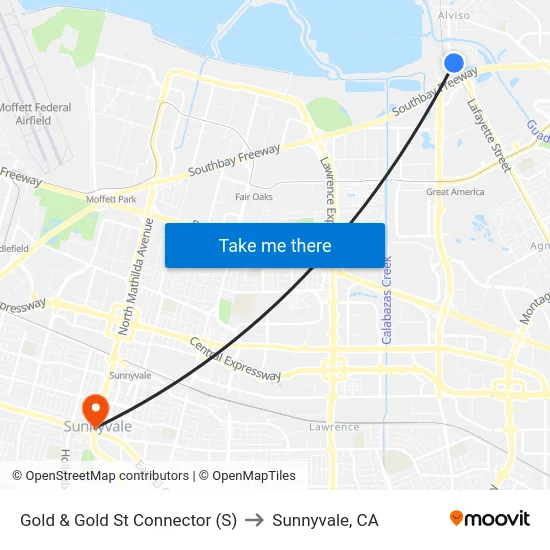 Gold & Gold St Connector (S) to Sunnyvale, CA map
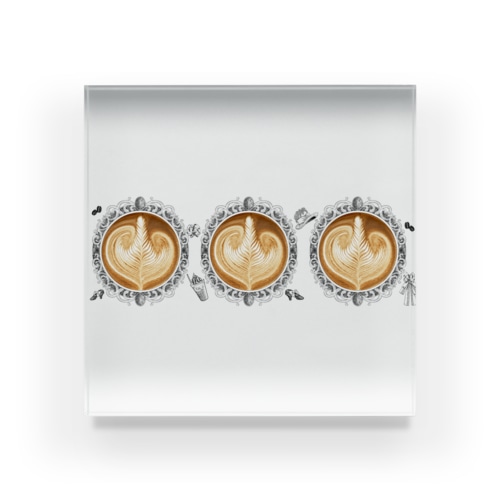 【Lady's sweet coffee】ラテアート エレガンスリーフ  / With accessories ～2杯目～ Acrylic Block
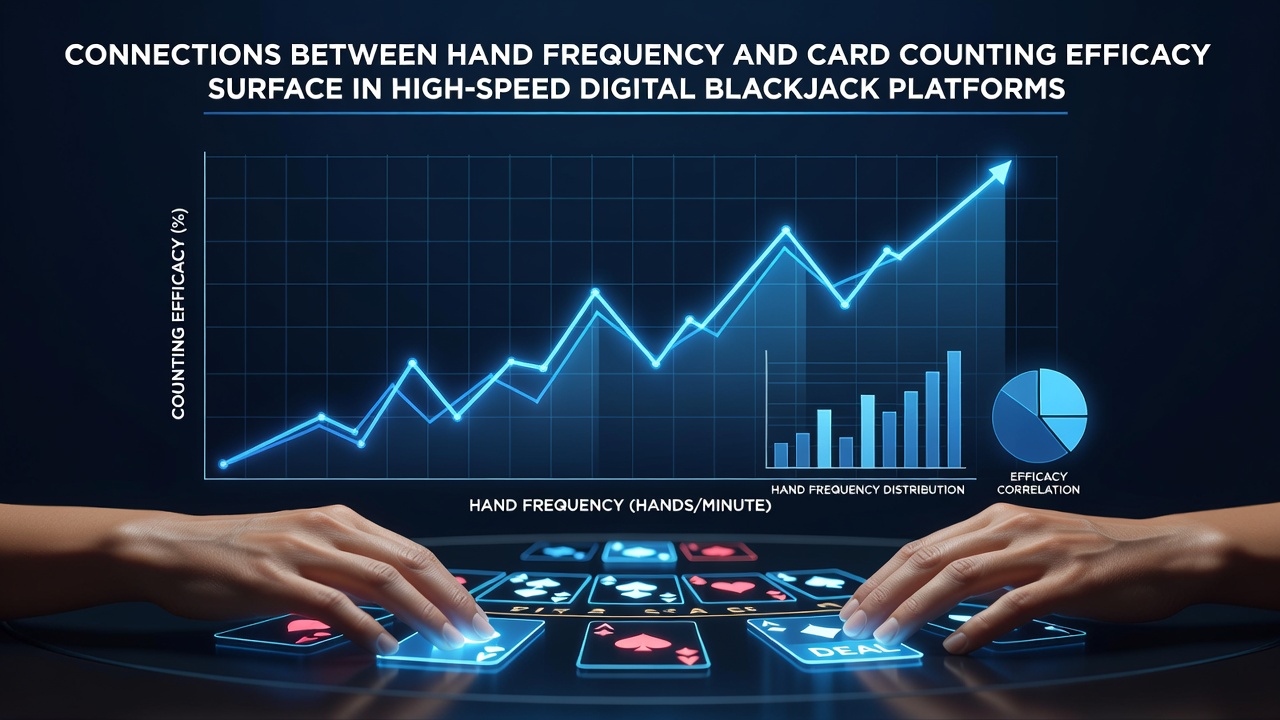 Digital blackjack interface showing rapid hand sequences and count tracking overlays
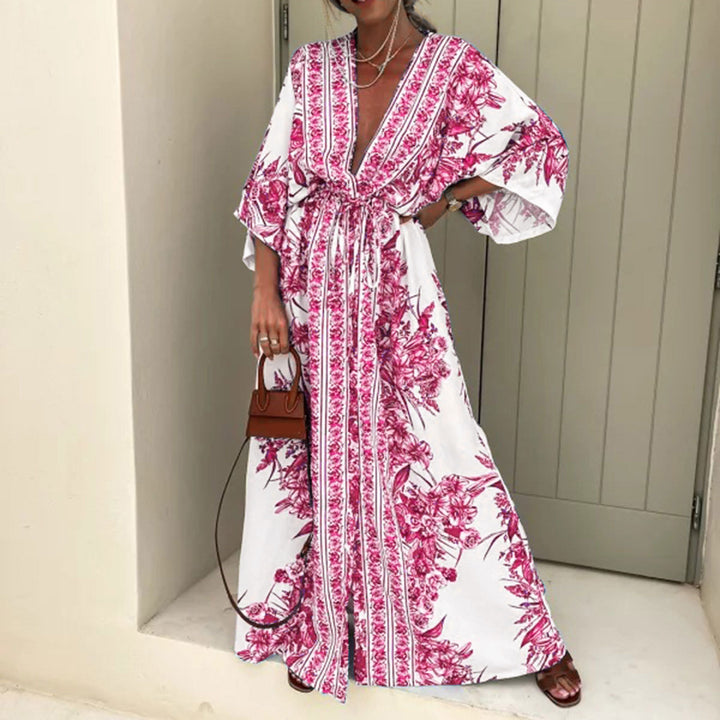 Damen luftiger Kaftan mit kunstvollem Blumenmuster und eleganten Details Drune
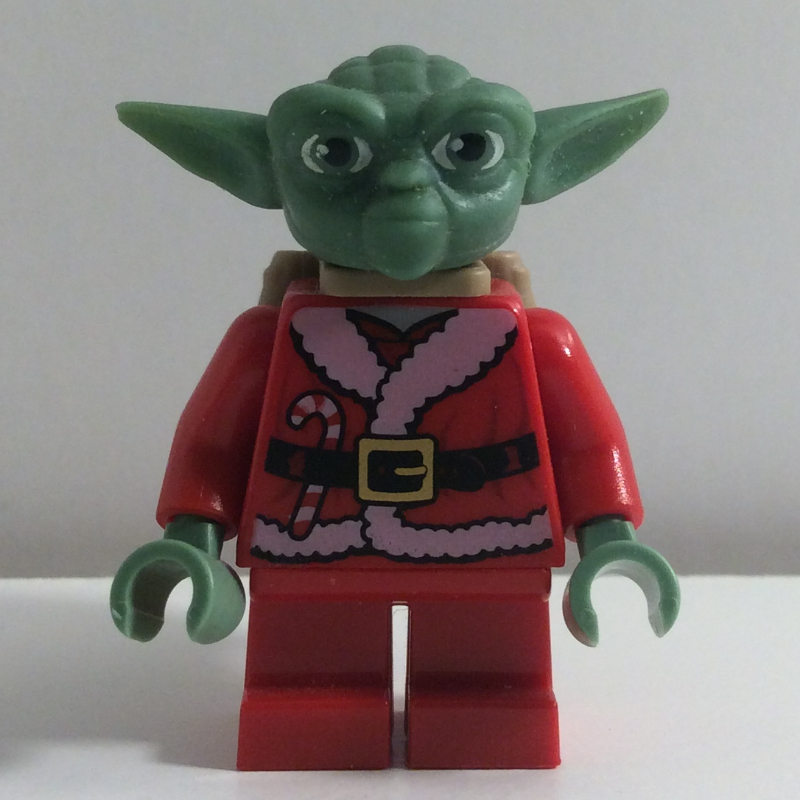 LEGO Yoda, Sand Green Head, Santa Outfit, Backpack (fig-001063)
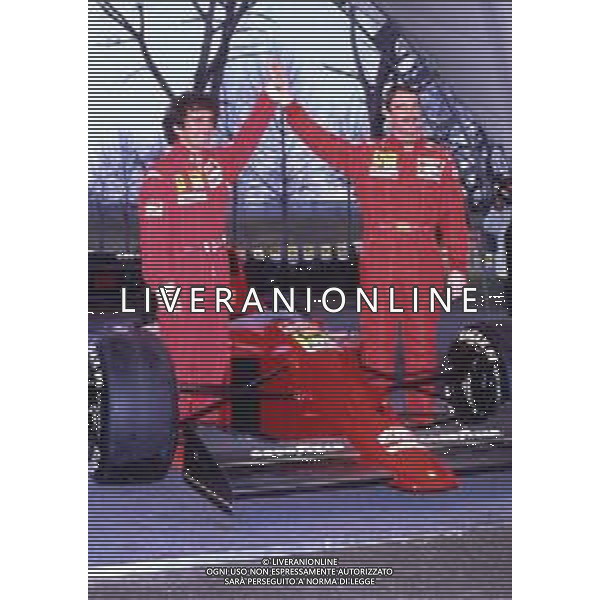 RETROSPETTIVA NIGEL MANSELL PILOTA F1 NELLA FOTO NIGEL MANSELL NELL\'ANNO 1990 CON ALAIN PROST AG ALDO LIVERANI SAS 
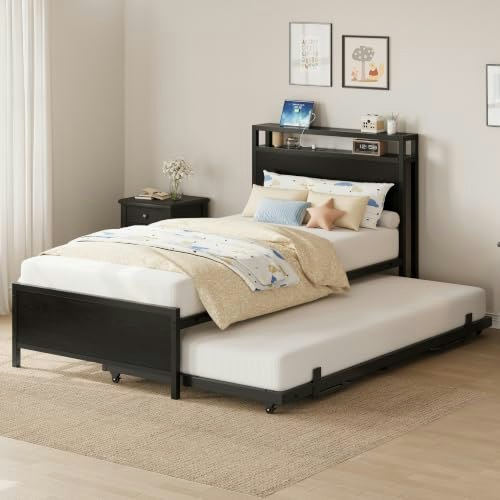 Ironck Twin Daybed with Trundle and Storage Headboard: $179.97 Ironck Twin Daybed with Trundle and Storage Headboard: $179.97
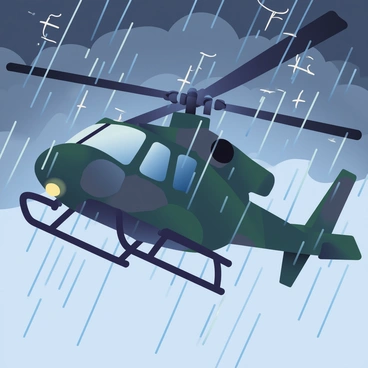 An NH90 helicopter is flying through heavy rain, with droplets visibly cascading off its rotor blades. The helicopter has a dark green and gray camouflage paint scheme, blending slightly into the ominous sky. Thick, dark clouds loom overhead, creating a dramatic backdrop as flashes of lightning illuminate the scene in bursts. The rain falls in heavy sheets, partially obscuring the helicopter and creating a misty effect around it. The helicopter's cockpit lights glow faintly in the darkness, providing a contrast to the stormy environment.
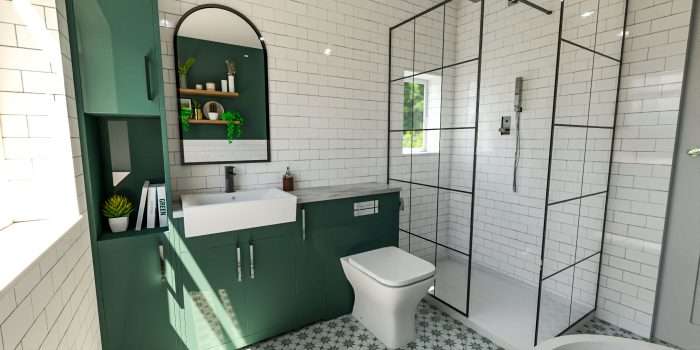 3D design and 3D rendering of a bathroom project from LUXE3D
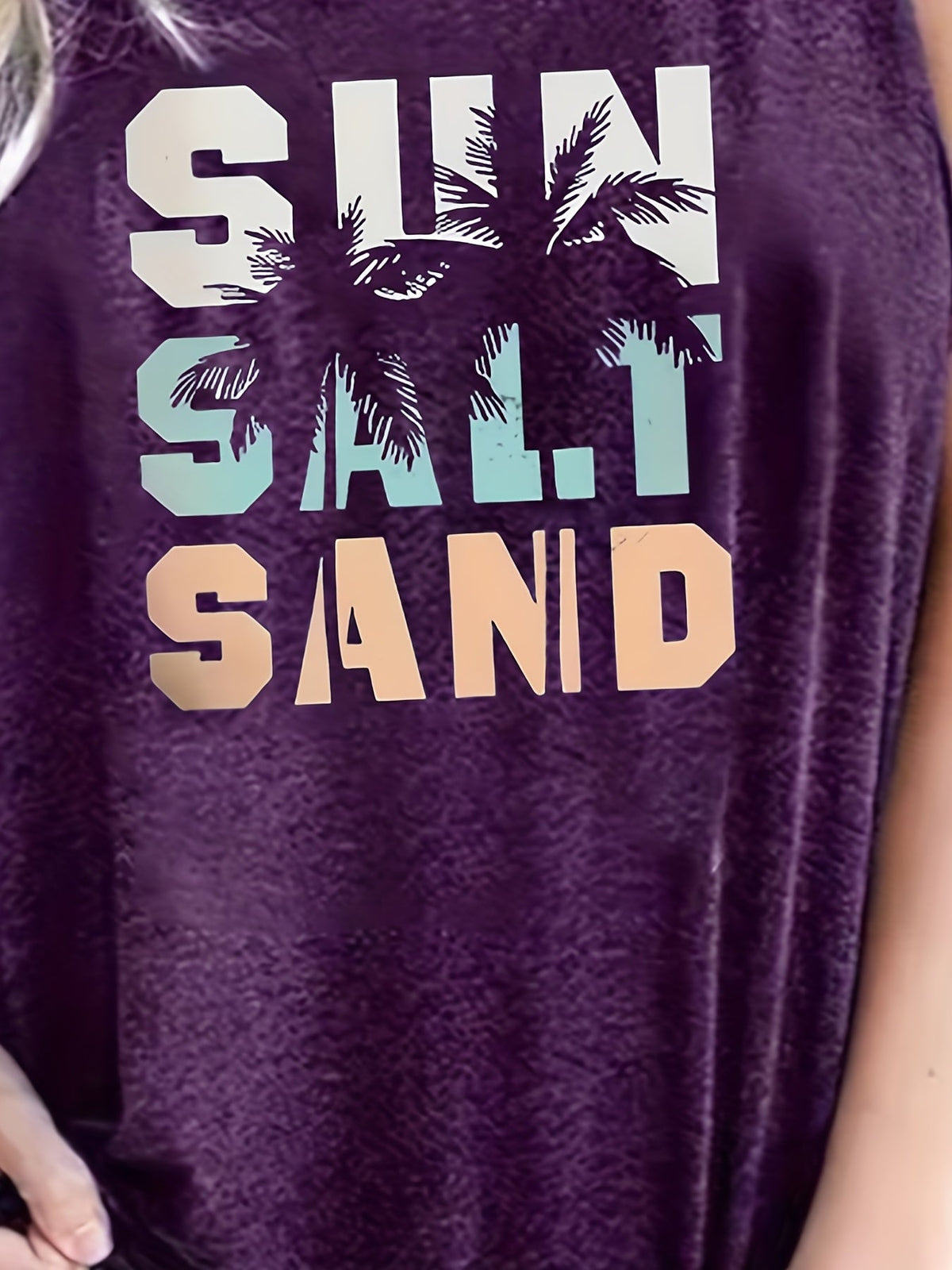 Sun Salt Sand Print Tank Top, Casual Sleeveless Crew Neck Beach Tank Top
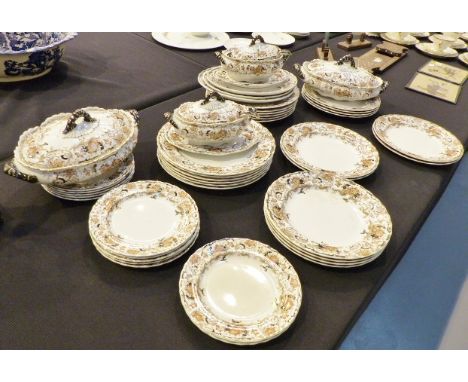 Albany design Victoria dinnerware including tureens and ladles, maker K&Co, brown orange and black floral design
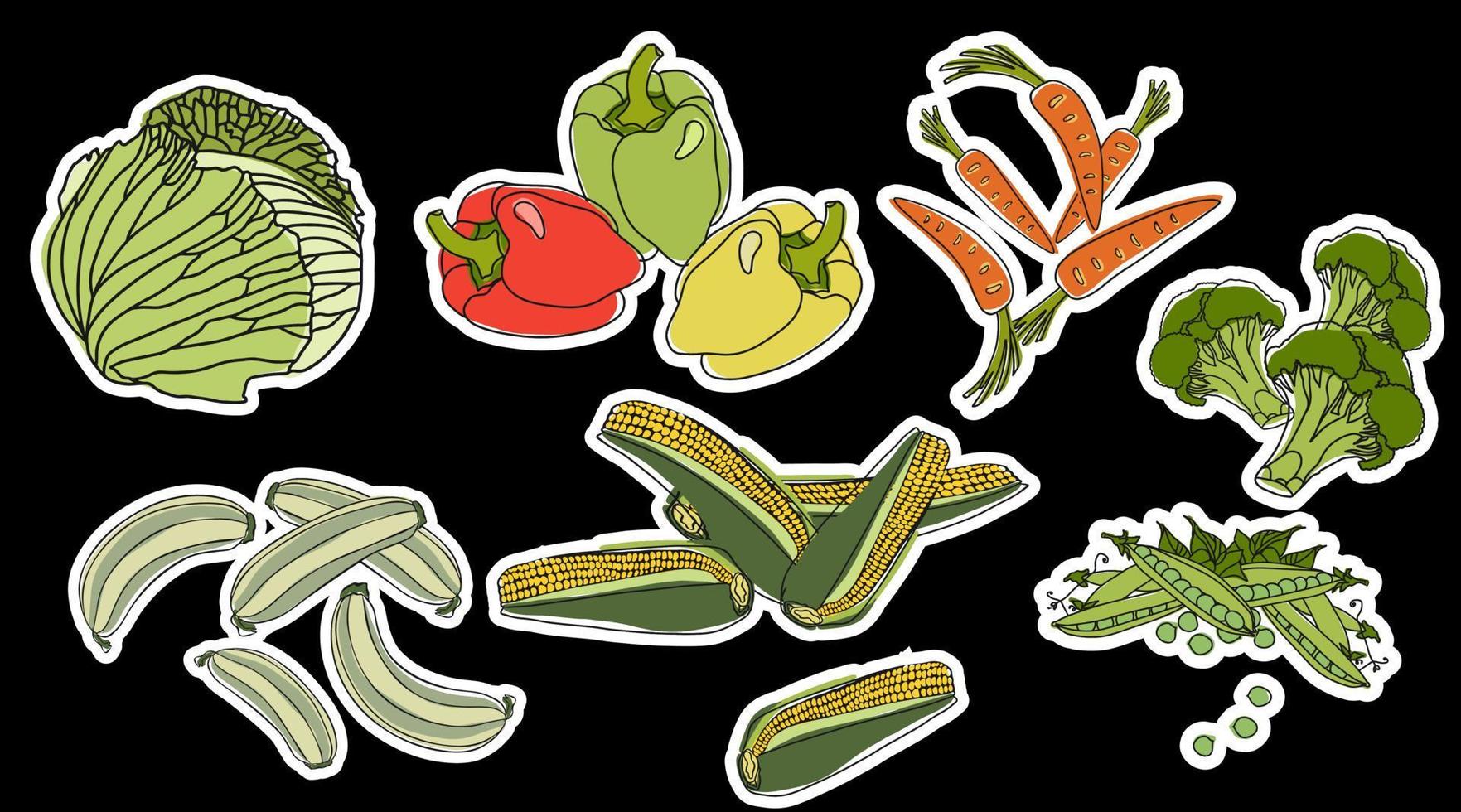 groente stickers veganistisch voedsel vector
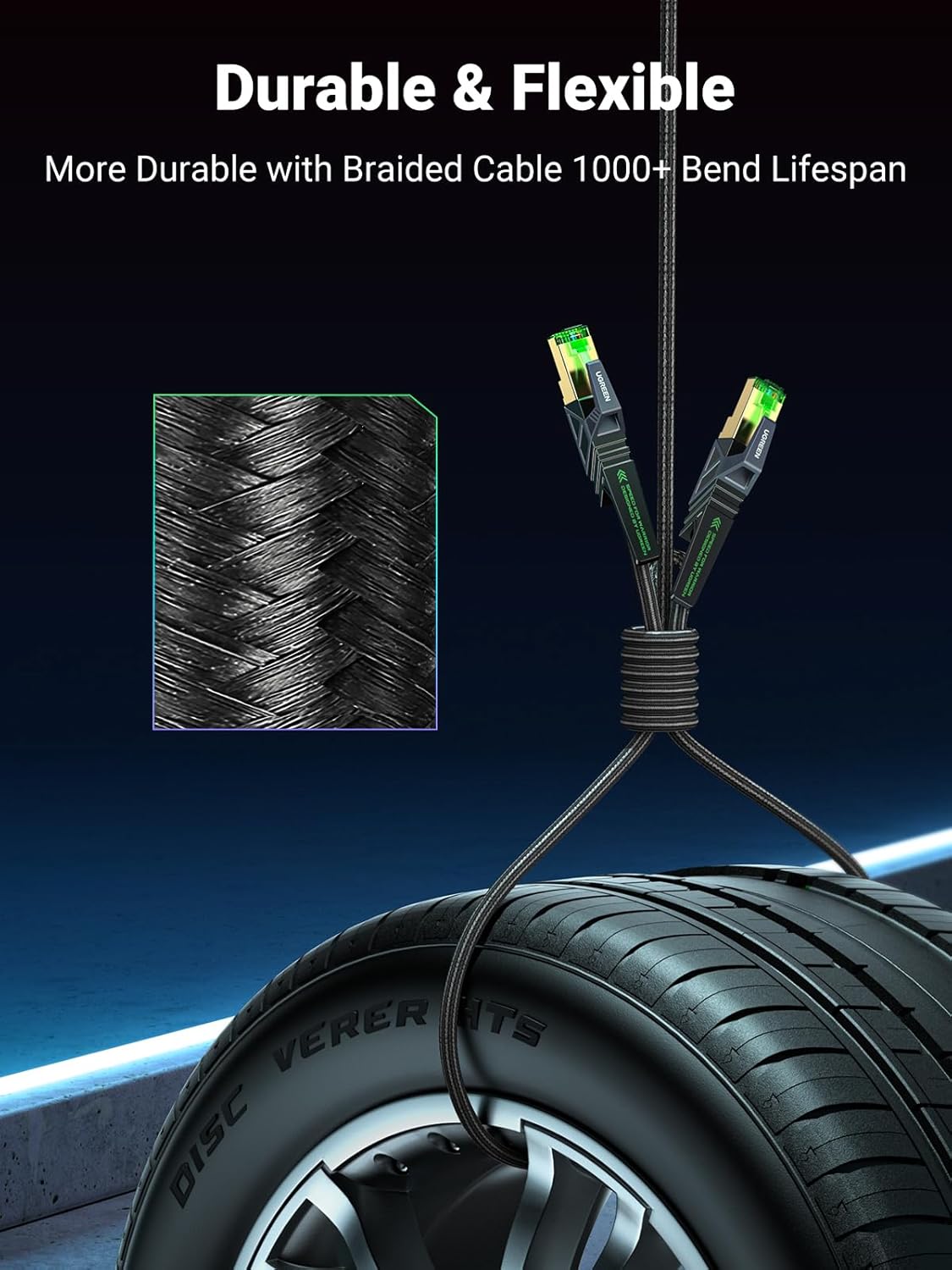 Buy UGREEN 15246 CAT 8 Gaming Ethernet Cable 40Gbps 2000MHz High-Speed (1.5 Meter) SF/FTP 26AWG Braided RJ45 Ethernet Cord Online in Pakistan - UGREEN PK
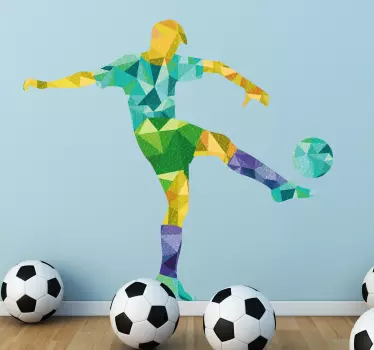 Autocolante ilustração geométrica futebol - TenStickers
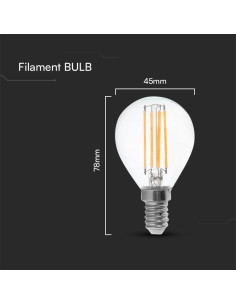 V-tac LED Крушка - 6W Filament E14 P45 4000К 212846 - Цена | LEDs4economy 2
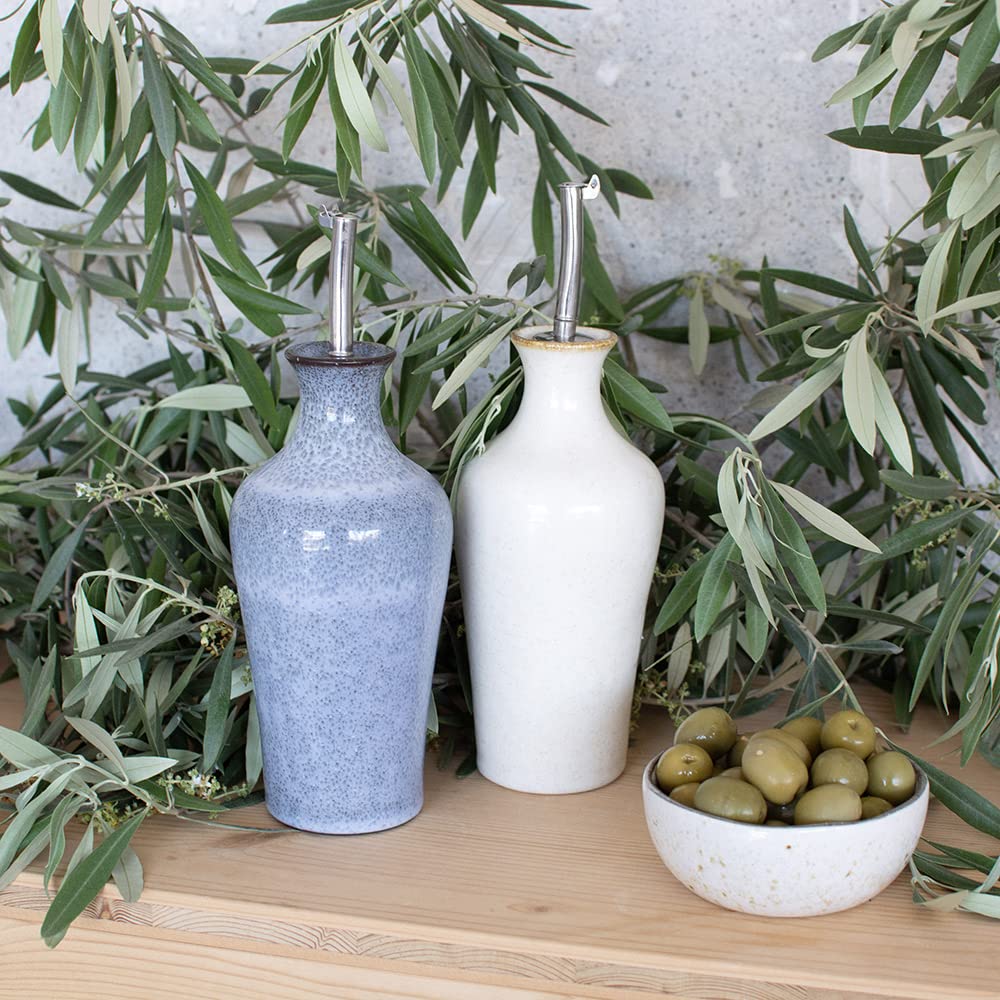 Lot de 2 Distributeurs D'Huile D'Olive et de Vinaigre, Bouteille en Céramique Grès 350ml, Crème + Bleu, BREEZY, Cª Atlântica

────────────────────

== EXERCISE BRIEF ==
For this exercise, please set down exactly the lines of the listing above from the line with "Albany design Victoria" up to and including the line with "groente stickers veganistisch voedsel vector", and no pictures.

== THE ANSWER ==
 Albany design Victoria dinnerware including tureens and ladles, maker K&Co, brown orange and black floral design
 groente stickers veganistisch voedsel vector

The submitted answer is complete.